/Clemson defensive coordinator Brent Venables has a hard time chilling during meditation – Greenville News

Clemson defensive coordinator Brent Venables has a hard time chilling during meditation – Greenville News


Swinney says Brent Venables “Ain’t got no time for head space”
BART BOATWRIGHT/Staff, The Greenville News

CLEMSON – Sports psychologist Dr. Milt Lowder has a brief meeting with the Clemson football team every Thursday.

Well, most of the Clemson football team.

The Thursday before the N.C. State game a couple of weeks ago, everyone was participating in a meditation exercise in the team room, save for defensive coordinator Brent Venables.

“It’s just basically chilling for three minutes,” Clemson coach Dabo Swinney said. “There’s some guy (on a Headspace app) and he’s got that weird voice and he’s talking to you and everybody in the room has their eyes closed – ‘feel your weight on the seat, let your mind wander.’ It goes through all this stuff and it’s kind of nice.”

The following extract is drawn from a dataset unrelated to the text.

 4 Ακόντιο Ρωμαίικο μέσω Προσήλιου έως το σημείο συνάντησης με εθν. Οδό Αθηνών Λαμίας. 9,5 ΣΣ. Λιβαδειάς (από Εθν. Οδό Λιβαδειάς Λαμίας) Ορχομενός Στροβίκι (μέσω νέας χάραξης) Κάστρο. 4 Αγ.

Clemson football administrator Woody McCorvey took photos during the session, resulting in a rather revealing snapshot that left Swinney, his staff and players doubled up in laughter when Swinney showed it to everyone the Sunday after the Tigers beat N.C. State 41-7.

MORE: Louisville, the only winless team in ACC play, next up for red-hot Clemson

“The photo is of the whole room, and there’s Venables still drawing plays in the back of the room,” Swinney said. “He ain’t paying attention; he’s still drawing stuff. Brent ain’t got no time for Headspace; he’s got no space left in there.”

While the photo was worth a good laugh, the weekly meditation could be paying dividends.

“It’s one of those things the whole team’s been doing and the coaches, too,” Swinney said. “I participate every Thursday. It’s teaching you how to relax.”

Some players have taken the practice to heart, including wide receiver and punt return specialist Amari Rodgers, who’s coming off the best game of his career – a 218-yard all-purpose yardage day against Florida State.

It has been particularly beneficial when fielding punts.

“When the ball’s in the air, it’s quiet and it’s just you and the ball,” Rodgers said. “You’ve got to catch it. I’ve been working on meditation-type stuff just to help me calm down. Before I catch a punt I take three deep breaths to help me calm down and focus on the ball.”

Rodgers says he plans to continue to employ the deep-breathing approach on Saturday when the No. 2-ranked and undefeated Tigers (8-0) play host to Louisville (2-6) at Memorial Stadium.